◆ EXERCISE ◆
Write out, unaltered, each line from the top of the records below down to the line where "Se vende Apartamento" appears, that line included.

◆ SUPPLIED RECORDS ◆
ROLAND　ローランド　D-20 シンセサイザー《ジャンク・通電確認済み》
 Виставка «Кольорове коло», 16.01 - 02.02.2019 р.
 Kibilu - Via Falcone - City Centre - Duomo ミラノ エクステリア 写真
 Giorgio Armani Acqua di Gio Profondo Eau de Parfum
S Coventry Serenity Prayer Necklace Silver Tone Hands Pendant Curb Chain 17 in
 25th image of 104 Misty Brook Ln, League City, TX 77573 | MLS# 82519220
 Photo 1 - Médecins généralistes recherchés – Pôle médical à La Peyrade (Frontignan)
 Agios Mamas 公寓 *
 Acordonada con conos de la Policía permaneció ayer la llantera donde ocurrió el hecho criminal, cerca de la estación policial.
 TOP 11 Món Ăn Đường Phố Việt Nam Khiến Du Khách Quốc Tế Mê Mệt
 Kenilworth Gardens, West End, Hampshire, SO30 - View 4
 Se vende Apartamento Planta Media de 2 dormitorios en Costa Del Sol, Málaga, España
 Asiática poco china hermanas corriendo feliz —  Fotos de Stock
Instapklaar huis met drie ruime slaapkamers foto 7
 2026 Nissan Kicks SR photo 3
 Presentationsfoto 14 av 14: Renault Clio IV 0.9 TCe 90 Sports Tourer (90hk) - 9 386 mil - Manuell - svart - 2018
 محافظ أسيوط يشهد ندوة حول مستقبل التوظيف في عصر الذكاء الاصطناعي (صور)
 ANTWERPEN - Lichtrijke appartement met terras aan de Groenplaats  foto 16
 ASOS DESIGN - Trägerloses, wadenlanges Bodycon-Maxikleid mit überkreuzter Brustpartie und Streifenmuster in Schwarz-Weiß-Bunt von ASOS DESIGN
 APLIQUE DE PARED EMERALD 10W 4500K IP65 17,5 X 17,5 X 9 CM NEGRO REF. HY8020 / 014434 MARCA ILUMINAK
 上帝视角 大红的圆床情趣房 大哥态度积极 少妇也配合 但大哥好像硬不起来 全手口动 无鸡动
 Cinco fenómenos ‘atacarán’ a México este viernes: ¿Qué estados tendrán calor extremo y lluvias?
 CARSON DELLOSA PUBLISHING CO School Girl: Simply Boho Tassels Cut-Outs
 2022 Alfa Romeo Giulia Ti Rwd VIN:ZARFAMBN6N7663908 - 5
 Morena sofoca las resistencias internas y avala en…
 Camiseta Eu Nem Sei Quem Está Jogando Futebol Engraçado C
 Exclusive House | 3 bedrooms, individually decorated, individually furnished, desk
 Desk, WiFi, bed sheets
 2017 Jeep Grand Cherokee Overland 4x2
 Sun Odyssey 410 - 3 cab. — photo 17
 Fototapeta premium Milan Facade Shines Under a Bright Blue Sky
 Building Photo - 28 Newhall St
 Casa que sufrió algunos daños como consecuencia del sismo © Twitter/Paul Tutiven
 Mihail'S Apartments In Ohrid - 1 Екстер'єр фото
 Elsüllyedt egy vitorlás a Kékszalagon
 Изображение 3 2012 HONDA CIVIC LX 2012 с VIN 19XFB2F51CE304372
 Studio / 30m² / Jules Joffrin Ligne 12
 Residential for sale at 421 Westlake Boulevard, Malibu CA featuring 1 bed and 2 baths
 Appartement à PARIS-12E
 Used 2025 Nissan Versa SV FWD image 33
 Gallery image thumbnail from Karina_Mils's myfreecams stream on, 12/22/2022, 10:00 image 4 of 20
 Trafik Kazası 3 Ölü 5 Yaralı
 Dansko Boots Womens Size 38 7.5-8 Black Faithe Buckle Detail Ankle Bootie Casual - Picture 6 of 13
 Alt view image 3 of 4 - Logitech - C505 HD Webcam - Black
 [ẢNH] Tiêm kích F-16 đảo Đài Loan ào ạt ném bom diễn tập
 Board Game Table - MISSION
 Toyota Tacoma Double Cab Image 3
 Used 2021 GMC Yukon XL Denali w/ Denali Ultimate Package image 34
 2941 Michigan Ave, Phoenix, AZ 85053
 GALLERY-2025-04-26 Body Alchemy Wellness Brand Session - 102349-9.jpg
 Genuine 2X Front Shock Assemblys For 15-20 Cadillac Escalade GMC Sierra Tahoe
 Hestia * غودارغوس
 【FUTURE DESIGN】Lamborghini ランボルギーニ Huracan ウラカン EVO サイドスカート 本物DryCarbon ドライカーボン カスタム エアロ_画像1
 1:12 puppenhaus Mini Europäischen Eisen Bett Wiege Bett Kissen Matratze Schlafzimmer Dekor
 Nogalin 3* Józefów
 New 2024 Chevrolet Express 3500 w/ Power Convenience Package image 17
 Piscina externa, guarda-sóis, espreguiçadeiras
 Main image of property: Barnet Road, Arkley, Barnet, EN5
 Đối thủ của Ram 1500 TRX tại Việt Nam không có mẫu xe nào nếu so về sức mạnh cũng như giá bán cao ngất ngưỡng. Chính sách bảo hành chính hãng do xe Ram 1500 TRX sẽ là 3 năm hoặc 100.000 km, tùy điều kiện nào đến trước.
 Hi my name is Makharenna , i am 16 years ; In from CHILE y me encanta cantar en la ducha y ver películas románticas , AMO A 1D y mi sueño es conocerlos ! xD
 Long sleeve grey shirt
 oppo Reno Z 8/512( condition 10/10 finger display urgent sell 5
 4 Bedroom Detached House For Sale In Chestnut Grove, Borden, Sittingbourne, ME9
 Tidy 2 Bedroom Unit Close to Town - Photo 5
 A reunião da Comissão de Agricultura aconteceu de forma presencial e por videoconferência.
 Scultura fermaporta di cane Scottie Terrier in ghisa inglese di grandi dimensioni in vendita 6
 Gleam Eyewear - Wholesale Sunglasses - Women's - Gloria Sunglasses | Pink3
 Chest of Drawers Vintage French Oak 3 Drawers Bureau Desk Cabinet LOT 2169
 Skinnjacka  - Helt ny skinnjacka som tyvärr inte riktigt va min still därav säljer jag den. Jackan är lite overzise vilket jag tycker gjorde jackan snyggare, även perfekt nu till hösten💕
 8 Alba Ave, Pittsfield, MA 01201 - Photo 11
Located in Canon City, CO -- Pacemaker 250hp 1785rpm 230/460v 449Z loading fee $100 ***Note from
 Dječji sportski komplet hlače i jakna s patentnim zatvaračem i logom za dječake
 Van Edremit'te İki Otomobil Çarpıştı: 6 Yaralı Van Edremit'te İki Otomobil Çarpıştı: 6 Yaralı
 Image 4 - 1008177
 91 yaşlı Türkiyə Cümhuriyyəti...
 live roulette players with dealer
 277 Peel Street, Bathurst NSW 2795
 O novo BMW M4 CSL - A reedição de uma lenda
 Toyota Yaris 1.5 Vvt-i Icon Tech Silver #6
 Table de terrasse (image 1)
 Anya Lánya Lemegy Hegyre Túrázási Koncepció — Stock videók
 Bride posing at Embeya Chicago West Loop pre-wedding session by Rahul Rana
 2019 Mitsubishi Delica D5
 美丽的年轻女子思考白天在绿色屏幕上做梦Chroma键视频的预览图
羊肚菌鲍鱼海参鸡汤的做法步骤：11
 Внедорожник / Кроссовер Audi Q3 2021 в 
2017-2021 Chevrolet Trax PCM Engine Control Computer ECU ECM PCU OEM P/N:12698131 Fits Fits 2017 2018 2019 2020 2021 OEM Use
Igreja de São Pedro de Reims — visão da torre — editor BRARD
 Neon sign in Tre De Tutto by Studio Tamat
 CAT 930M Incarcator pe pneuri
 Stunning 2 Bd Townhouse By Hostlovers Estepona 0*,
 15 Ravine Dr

◆ TASK RESPONSE ◆
ROLAND　ローランド　D-20 シンセサイザー《ジャンク・通電確認済み》
 Виставка «Кольорове коло», 16.01 - 02.02.2019 р.
 Kibilu - Via Falcone - City Centre - Duomo ミラノ エクステリア 写真
 Giorgio Armani Acqua di Gio Profondo Eau de Parfum
S Coventry Serenity Prayer Necklace Silver Tone Hands Pendant Curb Chain 17 in
 25th image of 104 Misty Brook Ln, League City, TX 77573 | MLS# 82519220
 Photo 1 - Médecins généralistes recherchés – Pôle médical à La Peyrade (Frontignan)
 Agios Mamas 公寓 *
 Acordonada con conos de la Policía permaneció ayer la llantera donde ocurrió el hecho criminal, cerca de la estación policial.
 TOP 11 Món Ăn Đường Phố Việt Nam Khiến Du Khách Quốc Tế Mê Mệt
 Kenilworth Gardens, West End, Hampshire, SO30 - View 4
 Se vende Apartamento Planta Media de 2 dormitorios en Costa Del Sol, Málaga, España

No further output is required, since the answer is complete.